Lenovo has been racing to catch up to global PC market leader Hewlett-Packard, and during its fiscal 2013 first quarter, it made notable strides toward overtaking the stumbling Palo Altoâbased PC maker.
Hong Kong-based Lenovo announced revenue of $8 billion for the quarter, as sales increased 35 percent year-over-year. While the industry was down 2 percent, Lenovo’s PC shipments increased by more than 24 percent; for the 11th quarter in a row, it grew faster than any of the top-four vendors; and it achieved its highest-ever quarterly market share of 15 percent, it said in an Aug. 16 statement.
Going forward, Lenovo will work to gain traction in new markets, such as with small and midsize customers, and in emerging markets. And feeling strong in the PC segment, it will continue to sacrifice profits in order to drive momentum in the mobile device segment, according to Technology Business Research (TBR) analyst Beau Skonieczny.
“Smartphones, which saw units grow 44 times that of the year-ago quarter to nearly 5 million units in 2012, remained the leading contributor to Lenovo’s mobile device growth,” Skonieczny wrote in an Aug. 17 research note.
Research firm Canalys earlier this month reported that China accounted for 27 percent of the smartphones that shipped during the quarter, compared to the 16 percent that went to U.S. subscribers, and that Chinese consumers tend to favor domestic vendors. Behind Samsung, ZTE, Lenovo and Huawei are all thriving.

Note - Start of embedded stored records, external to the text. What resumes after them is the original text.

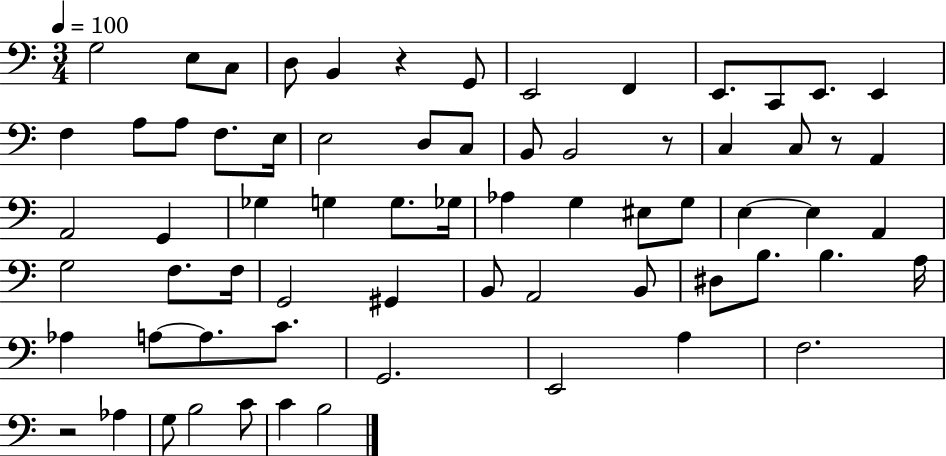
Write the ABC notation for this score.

X:1
T:Untitled
M:3/4
L:1/4
K:C
G,2 E,/2 C,/2 D,/2 B,, z G,,/2 E,,2 F,, E,,/2 C,,/2 E,,/2 E,, F, A,/2 A,/2 F,/2 E,/4 E,2 D,/2 C,/2 B,,/2 B,,2 z/2 C, C,/2 z/2 A,, A,,2 G,, _G, G, G,/2 _G,/4 _A, G, ^E,/2 G,/2 E, E, A,, G,2 F,/2 F,/4 G,,2 ^G,, B,,/2 A,,2 B,,/2 ^D,/2 B,/2 B, A,/4 _A, A,/2 A,/2 C/2 G,,2 E,,2 A, F,2 z2 _A, G,/2 B,2 C/2 C B,2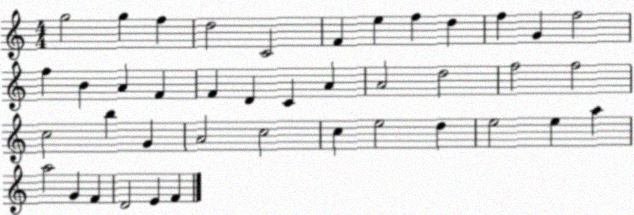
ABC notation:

X:1
T:Untitled
M:4/4
L:1/4
K:C
g2 g f d2 C2 F e f d f G f2 f B A F F D C A A2 d2 f2 f2 c2 b G A2 c2 c e2 d e2 e a a2 G F D2 E F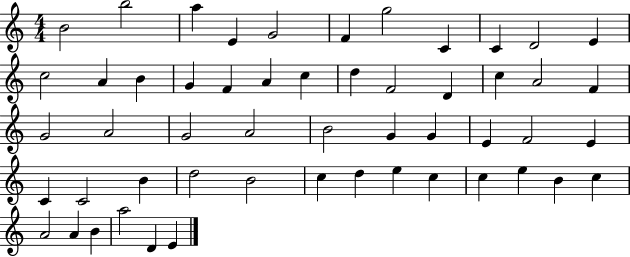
B4/h B5/h A5/q E4/q G4/h F4/q G5/h C4/q C4/q D4/h E4/q C5/h A4/q B4/q G4/q F4/q A4/q C5/q D5/q F4/h D4/q C5/q A4/h F4/q G4/h A4/h G4/h A4/h B4/h G4/q G4/q E4/q F4/h E4/q C4/q C4/h B4/q D5/h B4/h C5/q D5/q E5/q C5/q C5/q E5/q B4/q C5/q A4/h A4/q B4/q A5/h D4/q E4/q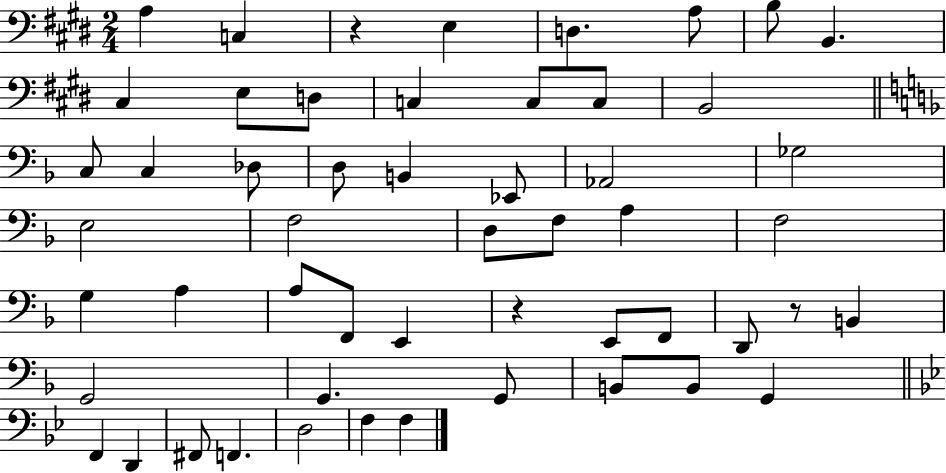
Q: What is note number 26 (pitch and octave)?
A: F3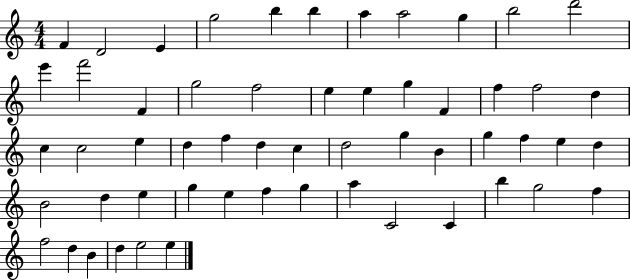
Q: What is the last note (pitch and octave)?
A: E5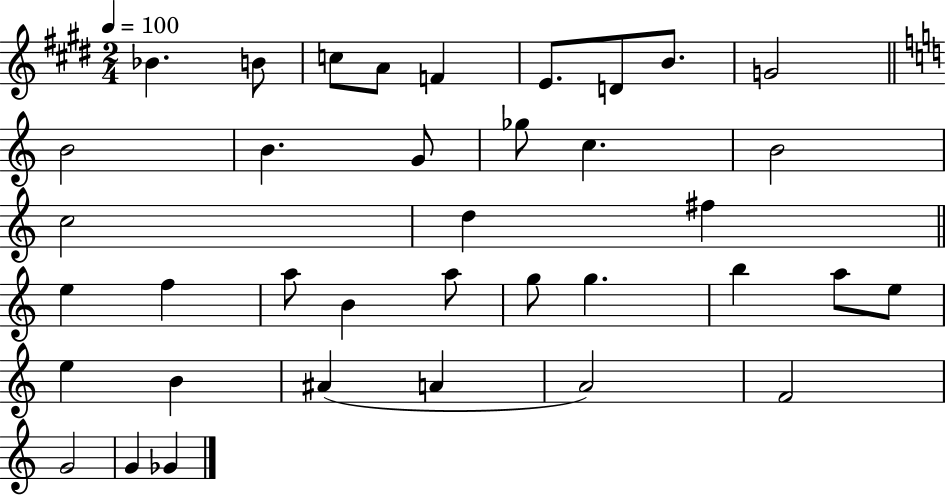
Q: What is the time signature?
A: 2/4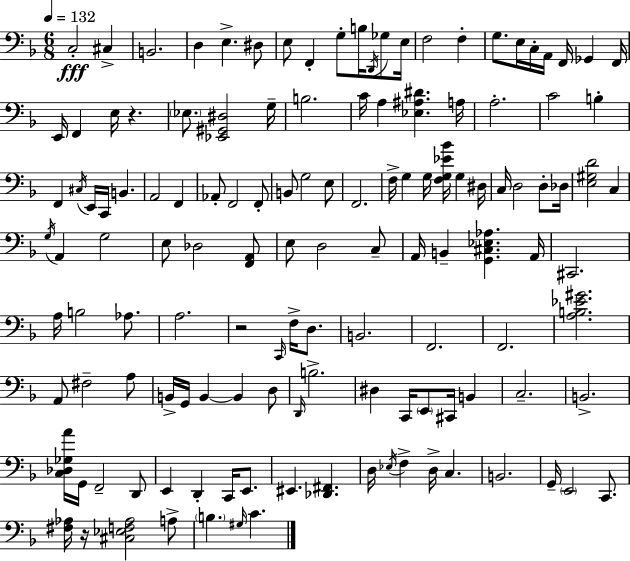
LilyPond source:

{
  \clef bass
  \numericTimeSignature
  \time 6/8
  \key d \minor
  \tempo 4 = 132
  c2-.\fff cis4-> | b,2. | d4 e4.-> dis8 | e8 f,4-. g8-. b16 \acciaccatura { d,16 } ges8 | \break e16 f2 f4-. | g8. e16 c16-. a,16 f,16 ges,4 | f,16 e,16 f,4 e16 r4. | \parenthesize ees8. <ees, gis, dis>2 | \break g16-- b2. | c'16 a4 <ees ais dis'>4. | a16 a2.-. | c'2 b4-. | \break f,4 \acciaccatura { cis16 } e,16 c,16 b,4. | a,2 f,4 | aes,8-. f,2 | f,8-. b,8 g2 | \break e8 f,2. | f16-> g4 g16 <f g ees' bes'>16 g4 | dis16 c16 d2 d8-. | des16 <e gis d'>2 c4 | \break \acciaccatura { g16 } a,4 g2 | e8 des2 | <f, a,>8 e8 d2 | c8-- a,16 b,4-- <g, cis ees aes>4. | \break a,16 cis,2. | a16 b2 | aes8. a2. | r2 \grace { c,16 } | \break f16-> d8. b,2. | f,2. | f,2. | <a b ees' gis'>2. | \break a,8 fis2-- | a8 b,16-> g,16 b,4~~ b,4 | d8 \grace { d,16 } b2.-> | dis4 c,16 \parenthesize e,8 | \break cis,16 b,4 c2.-- | b,2.-> | <c des ges a'>16 g,16 f,2-- | d,8 e,4 d,4-. | \break c,16 e,8. eis,4. <des, fis,>4. | d16 \acciaccatura { ees16 } f4-> d16-> | c4. b,2. | g,16-- \parenthesize e,2 | \break c,8. <fis aes>16 r16 <cis ees f aes>2 | a8-> \parenthesize b4. | \grace { gis16 } c'4. \bar "|."
}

TBR’s Skonieczny added that Lenovo has posted triple- and quadruple-digit smartphone unit growth over the last five quarters, though its devices are for now limited to China. With the world open to Lenovo’s expansion, “TBR believes Lenovo is in a strong position to maintain its growth momentum, which continues to be fueled by aggressive smartphone prices to drive share gains.”

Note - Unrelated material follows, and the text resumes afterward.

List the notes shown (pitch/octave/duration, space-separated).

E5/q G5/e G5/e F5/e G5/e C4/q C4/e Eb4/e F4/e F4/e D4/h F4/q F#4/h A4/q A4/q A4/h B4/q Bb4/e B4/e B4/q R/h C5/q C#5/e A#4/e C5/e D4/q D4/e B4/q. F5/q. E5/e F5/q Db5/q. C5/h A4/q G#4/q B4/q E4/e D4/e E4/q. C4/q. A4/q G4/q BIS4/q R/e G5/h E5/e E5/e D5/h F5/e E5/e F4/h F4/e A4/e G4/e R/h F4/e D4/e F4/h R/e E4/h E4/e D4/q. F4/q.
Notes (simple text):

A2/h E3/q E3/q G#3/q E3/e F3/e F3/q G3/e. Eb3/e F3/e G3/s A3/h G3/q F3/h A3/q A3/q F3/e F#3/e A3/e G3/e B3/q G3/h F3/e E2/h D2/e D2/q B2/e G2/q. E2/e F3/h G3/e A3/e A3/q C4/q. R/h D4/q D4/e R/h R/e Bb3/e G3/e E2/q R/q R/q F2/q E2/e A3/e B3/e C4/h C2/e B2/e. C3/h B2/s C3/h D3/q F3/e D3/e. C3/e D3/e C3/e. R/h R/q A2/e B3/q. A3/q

In the Philippines, Lenovo is testing its ability to expand the model it successfully established in China. According to TBR, it will target local customers with entry-level smartphones, as well as a few higher-end devices.
Lenovo’s business strategy is all about attack and defense-defend established territory, attack in new areas.

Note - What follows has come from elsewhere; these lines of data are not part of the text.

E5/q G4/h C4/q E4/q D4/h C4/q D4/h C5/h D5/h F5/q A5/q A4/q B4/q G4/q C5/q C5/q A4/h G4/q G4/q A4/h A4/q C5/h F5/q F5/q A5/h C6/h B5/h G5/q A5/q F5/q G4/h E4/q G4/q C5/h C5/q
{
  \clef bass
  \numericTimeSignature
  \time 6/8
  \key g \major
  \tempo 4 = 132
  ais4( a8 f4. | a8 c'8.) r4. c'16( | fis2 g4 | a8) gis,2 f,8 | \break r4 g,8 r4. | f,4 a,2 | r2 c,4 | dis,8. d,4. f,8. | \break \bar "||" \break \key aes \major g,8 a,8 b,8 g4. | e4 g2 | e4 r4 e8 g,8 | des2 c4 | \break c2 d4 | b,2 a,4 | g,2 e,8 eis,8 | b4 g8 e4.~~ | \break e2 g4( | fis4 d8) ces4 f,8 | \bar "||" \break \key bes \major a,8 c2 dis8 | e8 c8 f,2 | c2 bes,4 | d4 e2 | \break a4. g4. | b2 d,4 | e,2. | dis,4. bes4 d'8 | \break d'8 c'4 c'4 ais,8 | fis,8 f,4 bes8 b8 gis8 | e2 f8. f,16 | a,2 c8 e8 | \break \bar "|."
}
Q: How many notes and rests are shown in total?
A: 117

The U.S. consumer represents an attack-Lenovo has been up-front about its lack of brand, or even name, recognition in the United States, but has been working to change that. It’s likely to make good progress on that front with skinny-minnie devices like its ThinkPad X1 Carbon Ultrabook and the ultra-flexible IdeaPad Yoga, a very untraditional, eye-catching convertible notebook.
At an Aug. 9 event in New York City celebrating “20 years of innovation,” Lenovo also introduced the Tablet 2, a Windows 8 device that could be a natural extension for its PC enterprise customers. Lenovo called the Tablet 2 “the tablet the industry has been waiting for.”
Roger Kay, a principal analyst with Endpoint Technologies and a consultant to both Lenovo and Dell, say that, as Lenovo looks to swap its title with HP’s, even the IT suppliers can play a role in “tipping the field in favor of one OEM to another over time, changing the power structure to their benefit.”
In the PC industry, “beware of what you wish for,” laughed Kay. “Every incumbent has had a win that washes away eventually. So, enjoy it while the sun shines.”